Exercise goal >> Copy exactly the lines of the material below that fall between the line with "Badge Rond 5" and the line with "Rotinger féktárcsa ROTINGER", both of those lines included; pictures stay out.

[Material provided Boundary: Start]

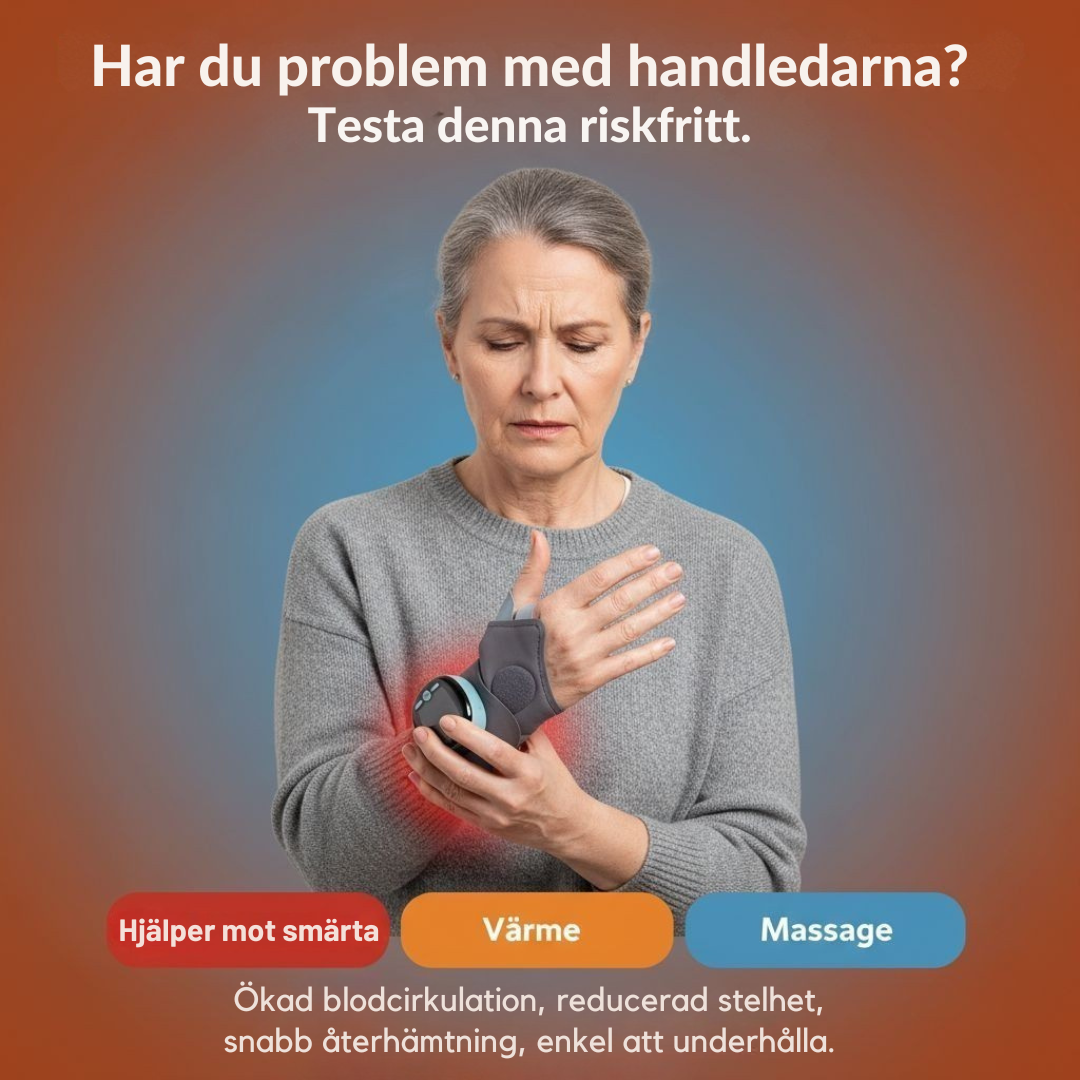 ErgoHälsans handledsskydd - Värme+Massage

[Material provided Boundary: End]
[Material provided Boundary: Start]

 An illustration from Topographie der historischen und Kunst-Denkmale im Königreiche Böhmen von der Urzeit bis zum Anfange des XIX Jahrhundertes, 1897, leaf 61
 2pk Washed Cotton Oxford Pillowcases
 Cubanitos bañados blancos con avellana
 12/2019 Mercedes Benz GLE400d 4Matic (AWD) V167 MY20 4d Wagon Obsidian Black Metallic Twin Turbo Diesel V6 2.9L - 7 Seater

[Material provided Boundary: End]
[Material provided Boundary: Start]

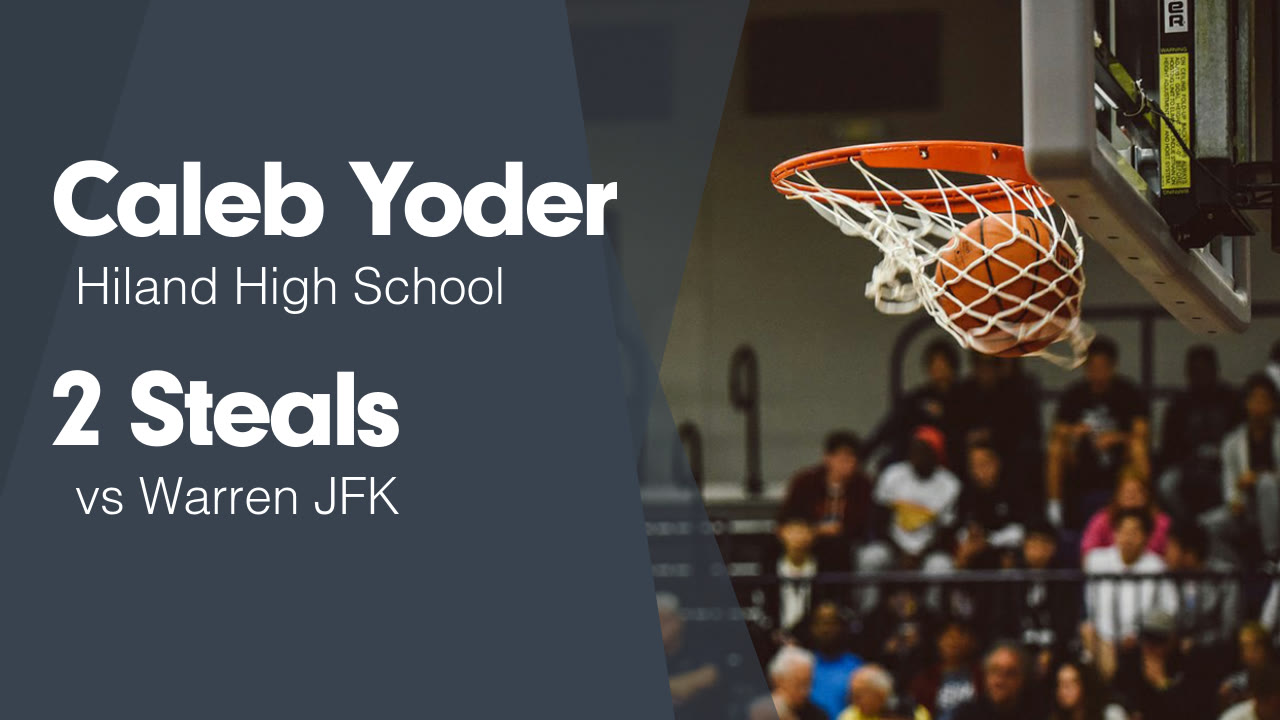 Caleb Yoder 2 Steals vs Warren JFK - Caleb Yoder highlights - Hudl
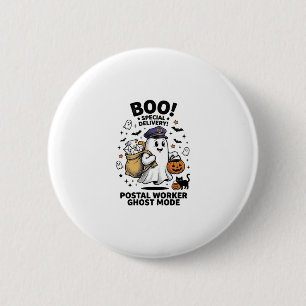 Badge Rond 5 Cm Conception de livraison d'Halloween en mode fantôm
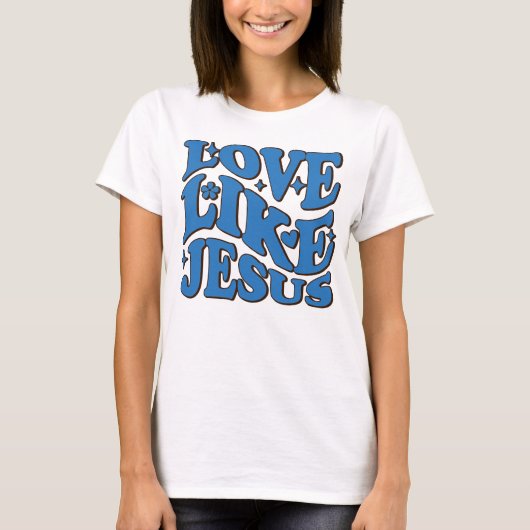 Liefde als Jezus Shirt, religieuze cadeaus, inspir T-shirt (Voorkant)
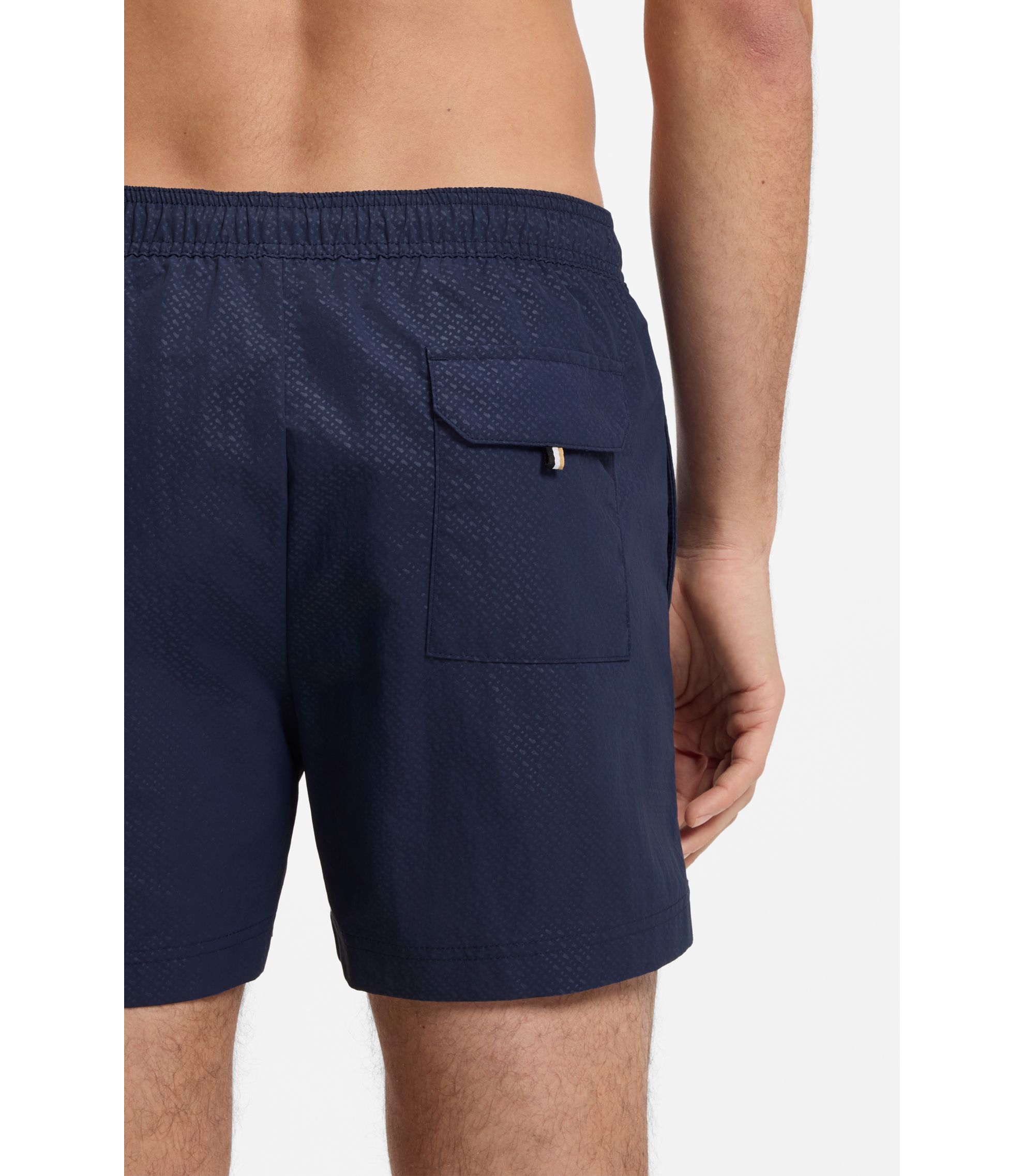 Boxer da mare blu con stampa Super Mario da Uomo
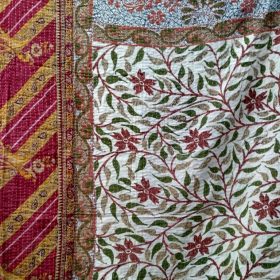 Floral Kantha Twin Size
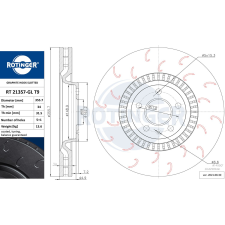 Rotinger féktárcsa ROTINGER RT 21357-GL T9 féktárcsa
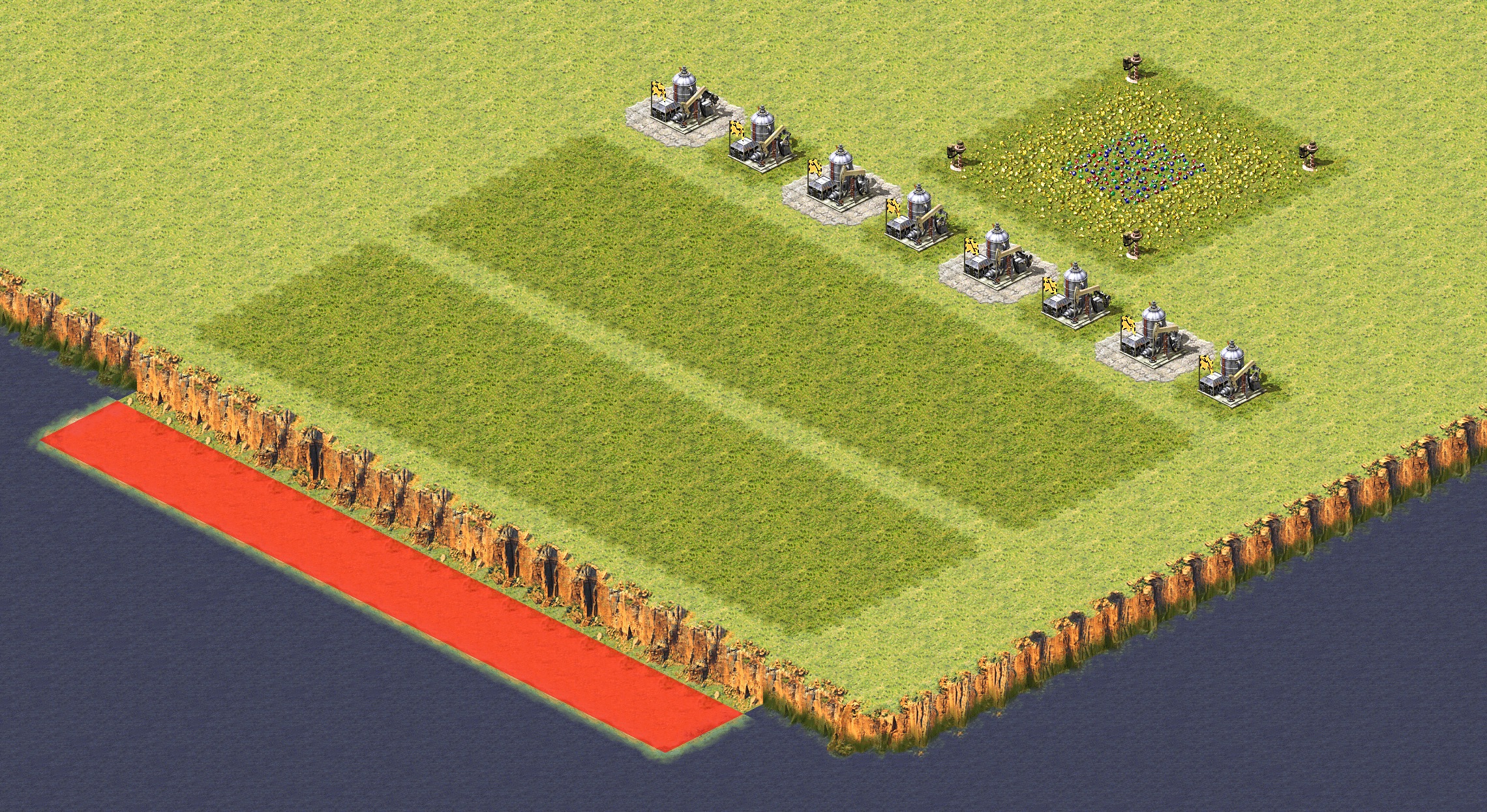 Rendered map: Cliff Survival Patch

[Material provided Boundary: End]

Task response >>
 Badge Rond 5 Cm Conception de livraison d'Halloween en mode fantôm
 Liefde als Jezus Shirt, religieuze cadeaus, inspir T-shirt (Voorkant)
 Boxer da mare blu con stampa Super Mario da Uomo
 Floral Kantha Twin Size
 Rotinger féktárcsa ROTINGER RT 21357-GL T9 féktárcsa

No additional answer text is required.